Whether $2/10$ and $1/5$ are equivalent or equal depends on how you define the meaning of the formal expression "$a/b$".

If $a/b$ is just a convenient way to write the ordered pair $(a,b)$ of integers when you are discussing the rational numbers, then those two fractions are equivalent - they define the same rational number.

If $a/b$ is just a way to write the rational number that solves the equation $bx=a$ then those two fractions are equal.

In an application they may not even be equivalent. Kids are taugh to model "$1/5$" as "cut a pie in $5$ parts and take $1$ of them". That is not the same physical operation as "cut a pie in $10$ parts and take $2$". That lack of equivalence is even clearer for the commutativity of multiplication: two kids with three cookies each is not the same as three kids with two cookies each even though the number of cookies is the same.

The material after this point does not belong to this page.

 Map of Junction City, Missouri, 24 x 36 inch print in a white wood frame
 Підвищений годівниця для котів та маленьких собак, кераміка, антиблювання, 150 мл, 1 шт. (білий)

Construction of the field of rational numbers $\mathbb{Q}$, from the integers $\mathbb{Z}$, may help. In this construction, we deal with equivalent classes $[(a,b)]$ for $b\ne 0$, defined by $$[(a,b)]=\{(x,y)\in\mathbb{Z}\times(\mathbb{Z}-\{0\}): ay=bx\}. $$

Therefore, for example, the fraction $\frac{1}{5}$, is equal to the class $[(1,5)]$ which also contains infinitely many elements like $(2,10),(3,15),\ldots$ and all of this elements are a representation of the same class, namely $\frac{1}{5}$.

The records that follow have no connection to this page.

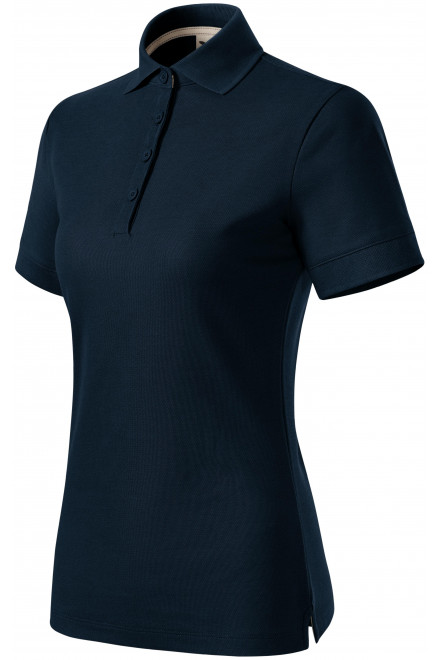 Damska koszulka polo z bawełny organicznej, ciemny niebieski, koszulki do nadruku
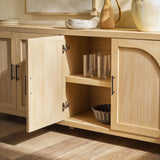 Walker Edison Sasha 4-Door Reeded Sideboard Buffet with Cord Management, 70 Inch, Coastal Oak Walker Edison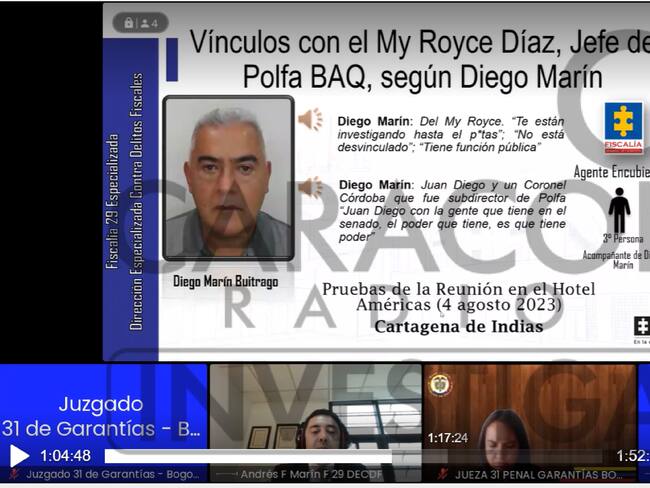 Foto extraída de la audiencia: Se relaciona al ex senador Juan Diego Gómez con la red de alias 'Papá Pitufo'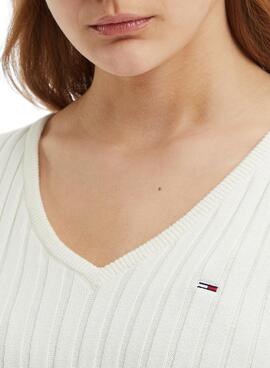 Jersey Tommy Jeans Reg Rib Blanco Para Mujer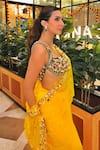 DILNAZ_Yellow Net Embroidery Sequin Border Saree _Online_at_Aza_Fashions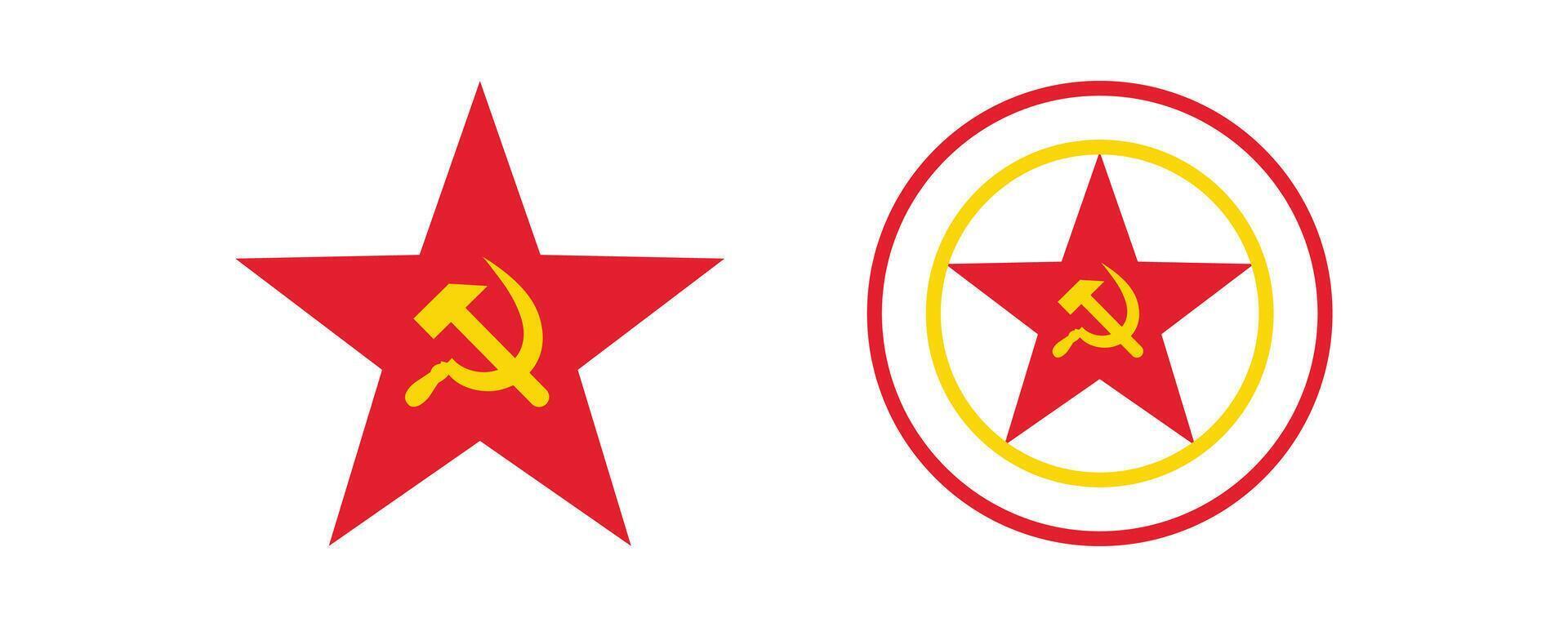 Communist Symbols Red Star and Hammer and Sickle. vector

  • $\begingroup$ Yes, what's important to note is that although the couples $(1,5)$ and $(2,10)$ are merely equivalent, the fractions $\frac{1}{5}$ and $\frac{2}{10}$, which are equivalence classes, are literally equal $\endgroup$ Apr 27, 2019 at 11:42

$\dfrac2{10}$ and $\dfrac15$ denote the same rational number. As rationals, they are equal. As fractions, up to your taste.